15. The method as claimed in claim 14, wherein said first protein is a membrane receptor of the Fc fragment of the antibodies, and wherein said second protein bears an epitope recognized by at least one of the paratopes of the candidate antibody.

16. The method as claimed in claim 15, wherein the Fc receptor is an Fc gamma receptor.

17. The method as claimed in claim 14, wherein the candidate antibody comprises two different paratopes, the first paratope being specific for a first epitope and the second paratope being specific for a second epitope, wherein said first protein bears said first epitope, and wherein said second protein bears said second epitope.

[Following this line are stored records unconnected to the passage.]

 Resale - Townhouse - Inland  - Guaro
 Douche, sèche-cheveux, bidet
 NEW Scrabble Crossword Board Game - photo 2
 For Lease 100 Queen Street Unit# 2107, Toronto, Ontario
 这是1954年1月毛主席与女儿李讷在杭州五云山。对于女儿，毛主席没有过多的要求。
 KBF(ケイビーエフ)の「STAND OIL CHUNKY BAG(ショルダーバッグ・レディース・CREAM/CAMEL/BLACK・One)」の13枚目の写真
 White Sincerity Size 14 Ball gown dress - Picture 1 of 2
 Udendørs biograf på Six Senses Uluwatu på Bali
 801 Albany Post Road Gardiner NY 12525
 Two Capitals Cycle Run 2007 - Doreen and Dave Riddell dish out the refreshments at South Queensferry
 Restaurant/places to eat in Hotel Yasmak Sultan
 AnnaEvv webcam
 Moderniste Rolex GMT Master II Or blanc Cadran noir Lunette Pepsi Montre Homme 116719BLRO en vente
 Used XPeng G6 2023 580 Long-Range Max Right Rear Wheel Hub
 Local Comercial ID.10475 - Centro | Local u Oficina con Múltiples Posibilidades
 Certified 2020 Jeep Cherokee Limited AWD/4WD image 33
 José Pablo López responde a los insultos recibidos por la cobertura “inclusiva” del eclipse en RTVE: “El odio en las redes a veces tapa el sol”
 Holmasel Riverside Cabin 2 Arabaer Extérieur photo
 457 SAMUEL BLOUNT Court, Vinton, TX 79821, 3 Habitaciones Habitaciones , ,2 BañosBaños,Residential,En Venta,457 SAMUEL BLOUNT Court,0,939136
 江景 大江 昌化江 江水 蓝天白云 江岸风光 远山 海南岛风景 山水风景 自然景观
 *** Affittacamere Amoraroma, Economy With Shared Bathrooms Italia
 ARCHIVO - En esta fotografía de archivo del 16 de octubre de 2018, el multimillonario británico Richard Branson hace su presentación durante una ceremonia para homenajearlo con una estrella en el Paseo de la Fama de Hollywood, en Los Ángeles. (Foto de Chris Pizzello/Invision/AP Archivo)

18. A method for determining the cytotoxic character of a candidate antibody, which method comprises the steps of:

bringing the following elements in contact: (iv) a first cell expressing, in the extracellular portion of its plasma membrane, a first protein that is known to be or is suspected of being recognized by the candidate antibody, said first protein being labeled directly or indirectly with the first member of a pair of FRET partners, wherein said first protein is selected from: CD16a, CD3, and CD28; (v) a second cell expressing, in the extracellular portion of the plasma membrane, a second protein that is also known to be or suspected of being recognized by the candidate antibody, said second protein being labeled directly or indirectly with the second member of said pair of FRET partners; (vi) said candidate antibody;

measuring the FRET signal, wherein the appearance of a FRET signal is representative of the affinities of the candidate antibody for the first and the second cells.

19. The method as claimed in claim 18, wherein said first protein is CD16a.